Most of us have some concept of what normal is. As far back as I can remember, the quintessential picture of normal for a family was a father, mother and children, living under one roof. The father was the bread winner and the mother was caretaker and curator of the family abode. Although I was dirt poor as a child, both my maternal and paternal grandparents operated within that model. My family did too, until my mother became a young widow at the age of 26. This was due to a farming accident that took the life of my dad. There were other markers along the journey of life that reinforced my sense of normality of the family unit: the church; television programs, containing all-white casts; school, and a host of other cultural and social institutions that made clear what a normal family was to look like. In retrospect, I find it awkward that there were countless other models-never accepted as normal- all around me of families that didn’t fit the Judeo-Christian model introduced early in Old Testament scriptures. Ironically, we didn’t fit that model after my father died.

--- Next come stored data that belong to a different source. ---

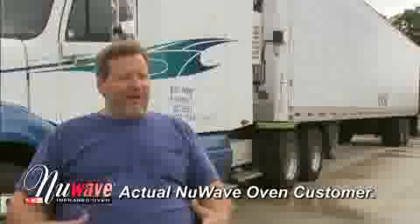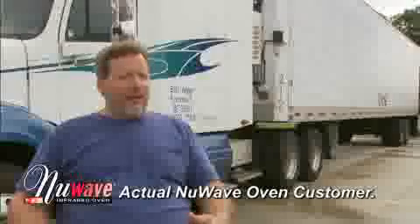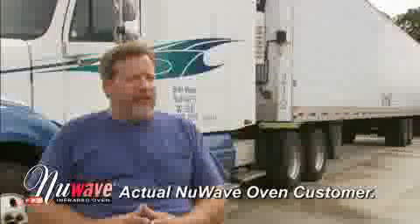Before I got the New Wave, whenever I wanted to eat, I would have to find a truck stop or find a place with truck parking available. The food was usually very expensive and not really very tasty. And now, with the New Wave, I'm able to cook up healthy meals in a short time. I can park wherever I wish to, and I can eat for a lot less money and much higher quality food. I would have to say my biggest surprise about the New Wave would be the ease of use and cleaning and the high quality of the food that it puts out.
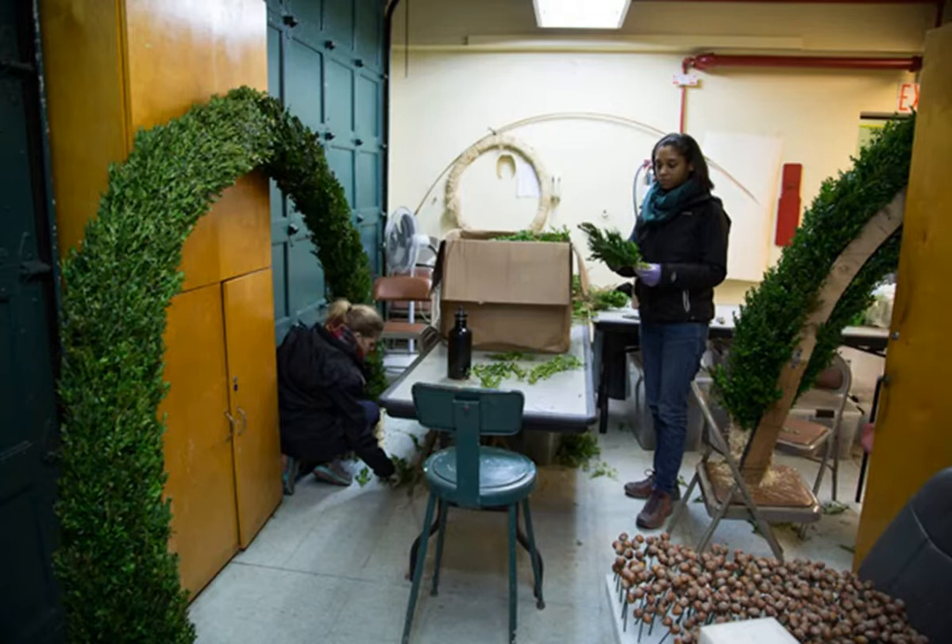Visitors will find the arches of the main hall covered in dried apples, bunches of chestnuts and acorns, and ivy leaves, which are hand-assembled by the horticultural staff.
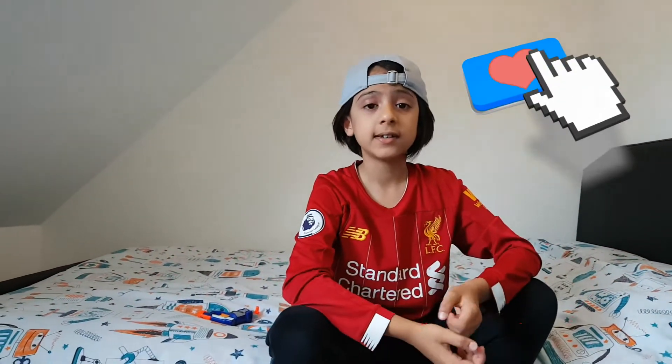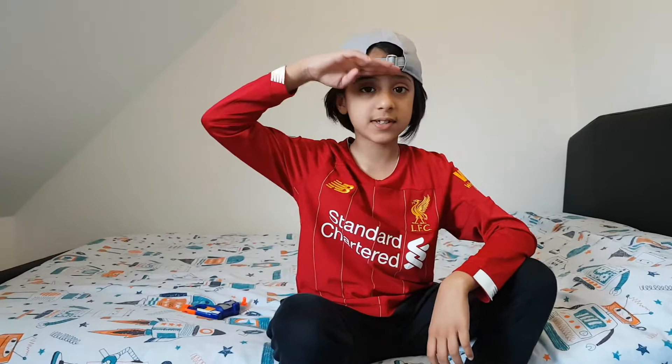But other than that, stay inside, stay safe, and do all that occupies you. Until next time guys, peace out!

It’s funny how society has for generations made dysfunctionality a pejorative term to be applied appropriately to some families. For some reason, we’ve all been led to believe that the dysfunctional family is the square peg that just won’t fit the round hole in which the so-called normal family rests comfortably. Being a person of faith, I’ve come to accept the “normal” fact that family dysfunctionality goes all the way back to the Old Testament. Let’s be honest, what’s more dysfunctional than one brother killing the other over jealousy of his offering being more acceptable in the eyes of God.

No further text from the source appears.